The centrepiece of the new precinct is the proposed NGV Contemporary, which would be Australia’s largest contemporary art gallery. Labor also promises to build an Australian Performing Arts Gallery and provide a bigger home for the Australian Music Vault (currently housed in the Arts Centre).
In the four years it’s been in power, Labor has spent more than $600 million on the creative industries – an increase of 200 per cent.
The Coalition
That CUB site Southbank arts precinct that Labor is so proud of? Shadow arts minister Heidi Victoria says it was the Coalition’s idea.
“We started that whole redevelopment of Southbank,” says Victoria. “When I was arts minister we commissioned a report which was the official blueprint for Southbank.” She says the plan has gone through several incarnations, but the one Labor is now touting as its idea was the Coalition’s plan for the area. The CUB building wasn’t for sale during Victoria’s tenure in government, but the Coalition made it clear that if it ever came up for sale, the state government should buy it for this purpose.
The Coalition does have plenty of concrete runs on the arts board, though. NGV director Tony Ellwood approached Victoria for a cool $1 million while the Coalition was in government for a project called Melbourne Now, the most ambitious project the NGV had ever taken on. Melbourne Now evolved into the NGV Triennial, which is the most successful exhibition in the history of the institution.

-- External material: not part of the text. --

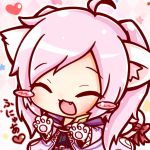  1girl animal_ears animal_tail blush chibi closed_eyes female fire_emblem fire_emblem:_kakusei long_hair my_unit my_unit_(fire_emblem:_kakusei) nintendo smile super_smash_bros. twintails white_hairmy_unit_(fire_emblem:_kakusei)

The following year, Ellwood asked for another $1 million. An exasperated Victoria was about to show him the door, but he stopped her with these magic words: “What if I said to you, John Paul Gaultier?”
Victoria says she’s so passionate about helping artists achieve their dreams because she counts herself among their number. She has a BA in fine art photography and was a successful photographer before going into politics.
As for future initiatives, the Coalition’s big arts promise is for a 24-day European-style Christmas market to take over the banks of the Yarra featuring Victorian arts and craftspeople. The idea is to create a huge tourist drawcard for Melbourne in the lead-up to Christmas, plus to provide an international audience for Victorian artists to sell their wares.
The Greens
“The Greens believe that artistic expression and creativity are fundamental to vibrant and healthy communities,” says Victorian Greens spokesperson for arts Sue Pennicuik. At the last federal election, the Greens made headlines for their policy to create a wage for artists by allowing them to be eligible for Centrelink payments (should their artistic activities benefit the community). The party supports the state’s major arts institutions like the NGV as well as grassroots arts groups, emerging artists, multicultural arts and Indigenous art and culture.
They also want to restore government funding to TAFE, advocate for a day to commemorate artists and support the redevelopment of the CUB site into the Southbank Arts Precinct.